┌──

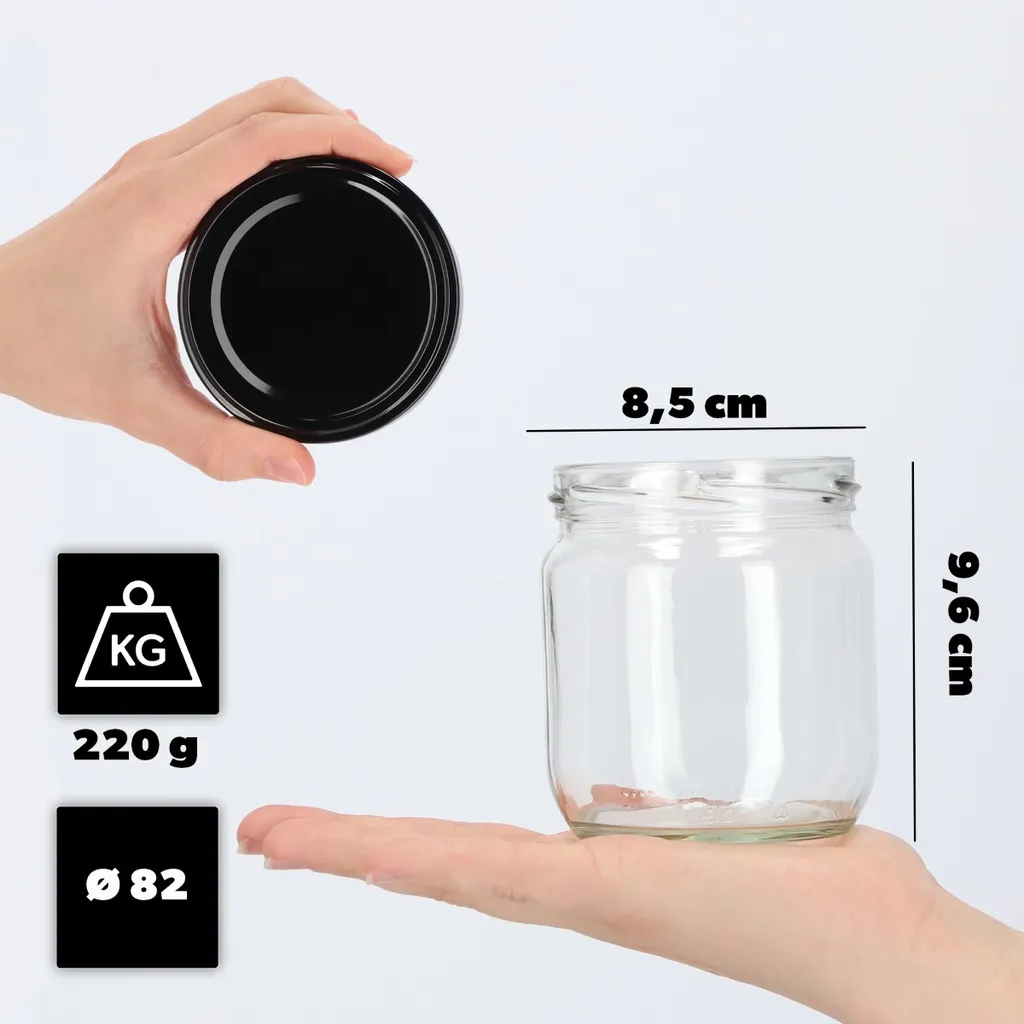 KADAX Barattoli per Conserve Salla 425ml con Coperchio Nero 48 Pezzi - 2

└──
┌──

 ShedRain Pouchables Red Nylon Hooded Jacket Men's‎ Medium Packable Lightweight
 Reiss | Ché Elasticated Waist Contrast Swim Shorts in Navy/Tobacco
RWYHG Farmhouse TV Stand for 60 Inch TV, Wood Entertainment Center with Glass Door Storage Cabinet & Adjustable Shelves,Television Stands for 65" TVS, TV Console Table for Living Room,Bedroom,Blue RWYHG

└──
┌──

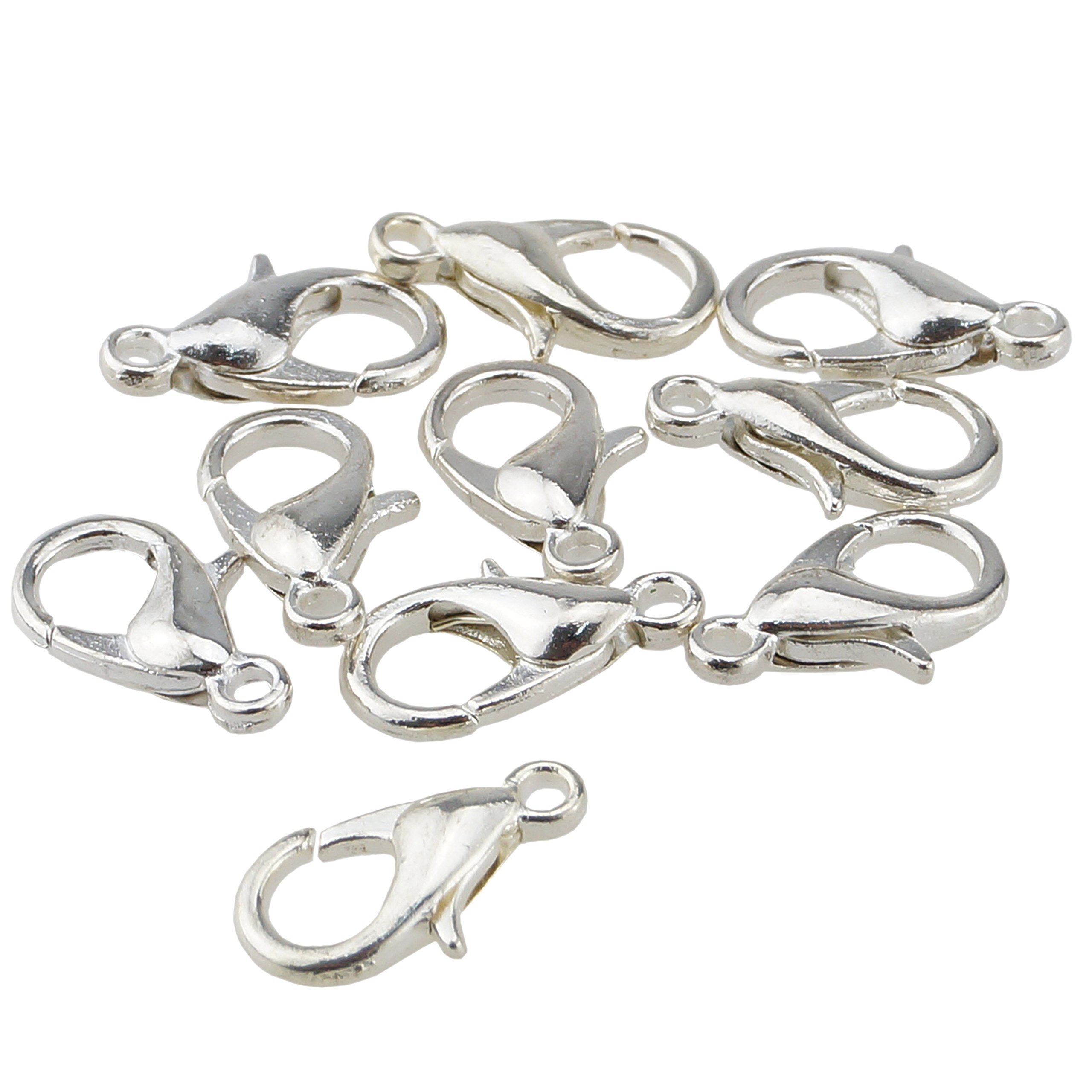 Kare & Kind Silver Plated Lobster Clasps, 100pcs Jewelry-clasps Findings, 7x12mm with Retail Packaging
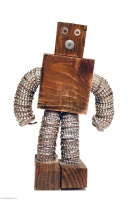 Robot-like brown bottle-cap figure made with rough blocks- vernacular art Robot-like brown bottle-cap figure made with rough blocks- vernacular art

└──

Work instruction:
Write out exactly the lines above between the line with "Reiss | Ché" and the line with "RWYHG Farmhouse TV", inclusive, and nothing beyond them.

Task answer:
 Reiss | Ché Elasticated Waist Contrast Swim Shorts in Navy/Tobacco
RWYHG Farmhouse TV Stand for 60 Inch TV, Wood Entertainment Center with Glass Door Storage Cabinet & Adjustable Shelves,Television Stands for 65" TVS, TV Console Table for Living Room,Bedroom,Blue RWYHG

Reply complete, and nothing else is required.